**Your assignment**
Please transcribe the records precisely; pictures stay out of your copy.

++++ Data extract ++++

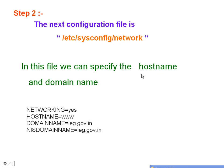Step number two: the next configuration file is /etc/sysconfig/network. In this file we can specify the hostname as well as the domain name. We have to set up: NETWORKING=yes, HOSTNAME=www, DOMAINNAME=ieg.gov.in, and NISDOMAIN=ieg.gov.in.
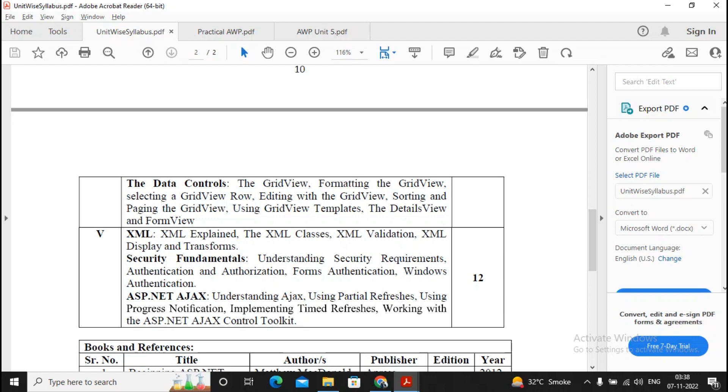AJAX as such has only a few important points, like only a few controls are there like script manager, script manager proxy, timer, update panel, update progress. So only a few controls need to be prepared, and working of AJAX needs to be prepared. I may have given importance toward ASP.NET AJAX as well as XML compared to Security Fundamentals.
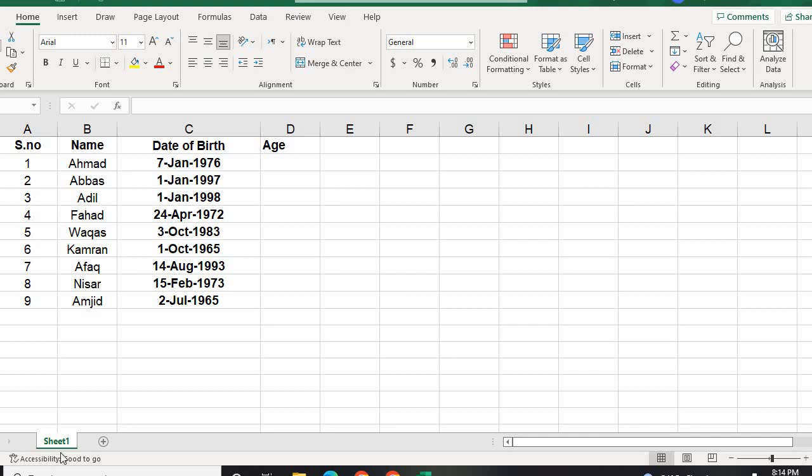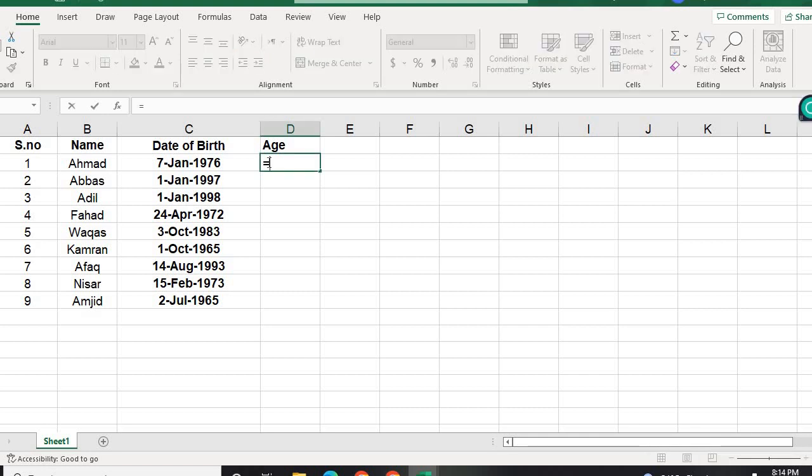Hello everyone. In this short video, we will be learning how we can calculate age. We are given the date of birth of nine individuals in this example. So we will put an equal sign.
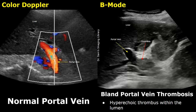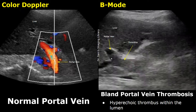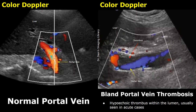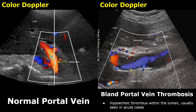On ultrasound, the thrombus may appear as a hyperechoic structure within the lumen of the portal vein, while the normal lumen is anechoic. In acute thrombosis, the thrombus may appear hypoechoic and can be difficult to see on B-mode ultrasound, so color Doppler is much better in locating these types of thrombosis.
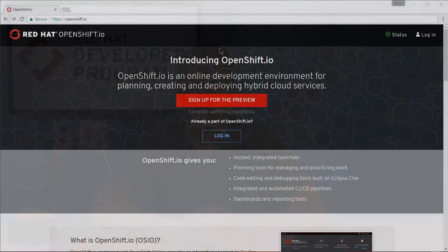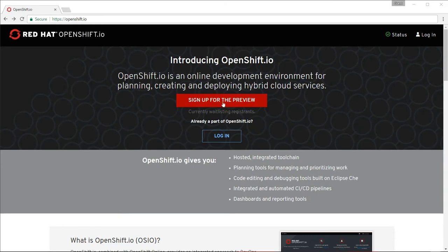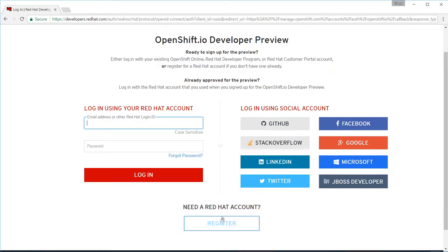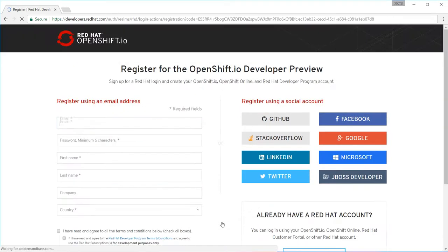And if you are not currently registered and would like to claim your spot on the waitlist, simply go to OpenShift.io, click the red sign up for the preview button, and fill out the registration form.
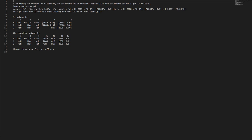Import pandas as pd. Data equals: 'a': 'Test', 'b': 1657, 'c': 'Asset', 'd': [2089.0, 2088.0], 'e': [2088.0, 2088.0].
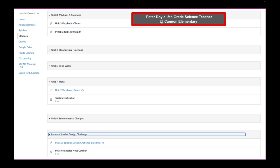You will notice in unit 3, he has a unit 3 vocab term link that opens in a new tab and directs them to a slideshow with vocabulary terms. He also has attachments for probes, is it melting, which is a PDF.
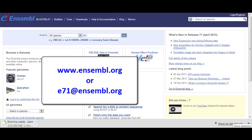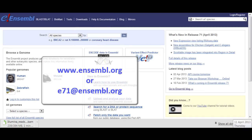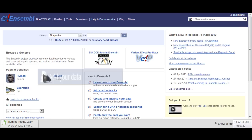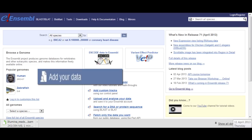Hi, I'm Julieta from the Ensembl outreach team. How can you view your own data in Ensembl? There are multiple ways to do this.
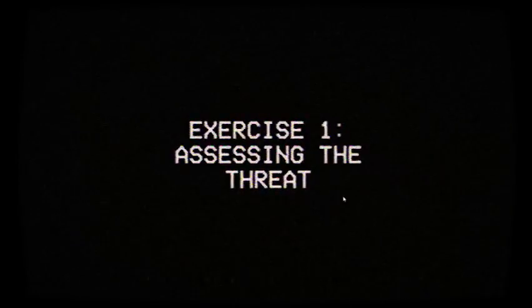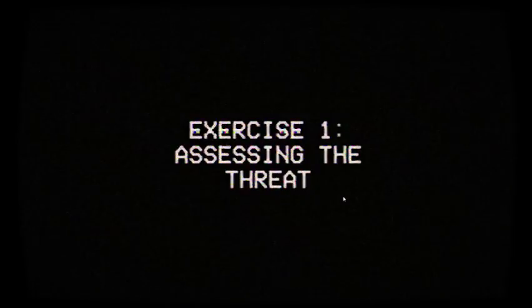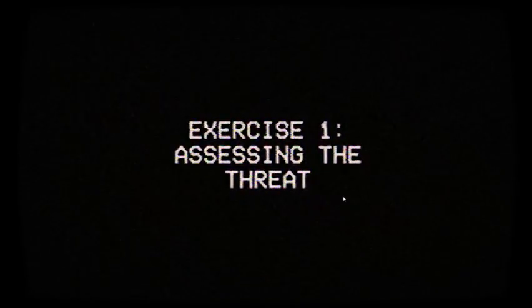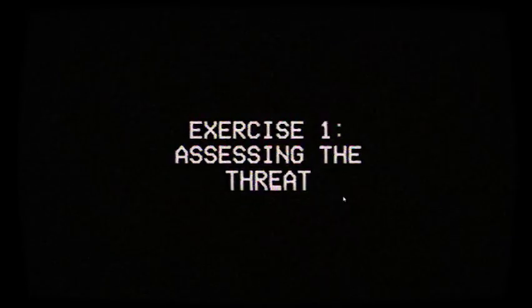Exercise 1: Assessing the Threat. On screen, two images will appear. On instinct alone, please choose the image that is the most unsettling. You will be scored at the end of this video.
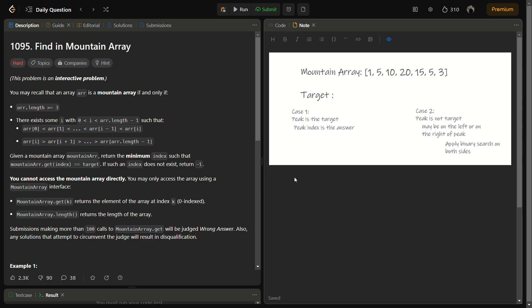After seeing this, we definitely know that the left-hand side and the right-hand side of the peak are sorted. The left-hand side is sorted in ascending order and the right-hand side is sorted in descending order. Since we have to search in a sorted space, binary search will definitely be applied. So let's come to the approach.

++++

**Your solution**
Step number two: the next configuration file is /etc/sysconfig/network. In this file we can specify the hostname as well as the domain name. We have to set up: NETWORKING=yes, HOSTNAME=www, DOMAINNAME=ieg.gov.in, and NISDOMAIN=ieg.gov.in.
AJAX as such has only a few important points, like only a few controls are there like script manager, script manager proxy, timer, update panel, update progress. So only a few controls need to be prepared, and working of AJAX needs to be prepared. I may have given importance toward ASP.NET AJAX as well as XML compared to Security Fundamentals.
Hello everyone. In this short video, we will be learning how we can calculate age. We are given the date of birth of nine individuals in this example. So we will put an equal sign.
On ultrasound, the thrombus may appear as a hyperechoic structure within the lumen of the portal vein, while the normal lumen is anechoic. In acute thrombosis, the thrombus may appear hypoechoic and can be difficult to see on B-mode ultrasound, so color Doppler is much better in locating these types of thrombosis.
And if you are not currently registered and would like to claim your spot on the waitlist, simply go to OpenShift.io, click the red sign up for the preview button, and fill out the registration form.
Import pandas as pd. Data equals: 'a': 'Test', 'b': 1657, 'c': 'Asset', 'd': [2089.0, 2088.0], 'e': [2088.0, 2088.0].
You will notice in unit 3, he has a unit 3 vocab term link that opens in a new tab and directs them to a slideshow with vocabulary terms. He also has attachments for probes, is it melting, which is a PDF.
Hi, I'm Julieta from the Ensembl outreach team. How can you view your own data in Ensembl? There are multiple ways to do this.
Exercise 1: Assessing the Threat. On screen, two images will appear. On instinct alone, please choose the image that is the most unsettling. You will be scored at the end of this video.
After seeing this, we definitely know that the left-hand side and the right-hand side of the peak are sorted. The left-hand side is sorted in ascending order and the right-hand side is sorted in descending order. Since we have to search in a sorted space, binary search will definitely be applied. So let's come to the approach.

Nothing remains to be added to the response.